A Fabiola Rosero le dijeron una y otra vez que aquello era una “pérdida de tiempo”, que no podía “dejar botado [tirado] al marido”. Que su obligación era “atender la casa”. También se lo repetían a Rosa y a otras muchas mujeres que forman parte de la red de agricultura urbana de la ciudad de Quito que, desde 2002, permite a muchas personas en situación de vulnerabilidad, sobre todo mujeres, mejorar su soberanía alimentaria y empezar un negocio sostenible.

El proyecto Agricultura Urbana Participativa (AGRUPAR) arrancó con una pequeña huerta a los pies del Panecillo, el monumento turístico a la virgen que vigila la ciudad y que, según dicen muchos quiteños, da la espalda a los barrios más marginales del sur. Ahora, 15 años después, hay 3.500 huertos orgánicos dispersos en varios puntos de la geografía urbana de la capital ecuatoriana.
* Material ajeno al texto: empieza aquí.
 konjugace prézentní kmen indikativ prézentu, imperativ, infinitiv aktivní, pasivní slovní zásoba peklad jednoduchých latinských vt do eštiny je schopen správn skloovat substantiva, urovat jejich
La iniciativa ha sido premiada con el galardón Impulso para el Cambio concedido por la Conferencia de las Naciones Unidas sobre el Cambio Climático (COP23), que se ha celebrado en Bonn (Alemania) hasta este viernes. Este premio reconoce acciones innovadoras y replicables que cumplen con los compromisos sobre cambio climático del Acuerdo de París y con los Objetivos de Desarrollo Sostenible (ODS).

“Me he liberado, ya no estoy esclavizada en el hogar”

Fabiola siempre trabajó como ama de casa y, durante algunos años, enfundando caramelos. “Con este proyecto me he liberado. Ya no estoy esclavizada en el hogar”, cuenta mientras coloca con mimo el maní [cacahuete] y otros frutos secos que vende en una de las 17 bioferias semanales organizadas por AGRUPAR. Trabaja en equipo con sus dos hermanas. Todo sus productos salen de la huerta de su hermana mayor.

Fabiola y Rosa le dan el valor añadido en la cocina de su casa, que es su micro fábrica. Sus familiares, sobre todo sus maridos, han pasado de criticarlas a ayudarlas. “He aprendido a valorarme, a demostrarme que no soy inútil. Ya no estoy esclavizada en el hogar”, repite Rosa, de 58 años. “Hemos creado un grupo de apoyo entre mujeres para aprender de la mano”, explica.

Alrededor de 4.000 agricultores urbanos, periurbanos y rurales participan en el proyecto. Más del 80% son mujeres. Una de las claves del éxito y la longevidad de esta iniciativa radica, dicen, en cómo se coordinan los propios productores para garantizar que el proyecto sea sostenible. Montan y desmontan las bioferias, transportan su mercancía, idean mecanismos participativos para mantener sus estándares de calidad y buscan soluciones comunitarias a sus necesidades. En las mingas [jornadas de trabajo en comunidad], construyen invernaderos y contactan con las compañeras que tienen plántulas listas para sembrar.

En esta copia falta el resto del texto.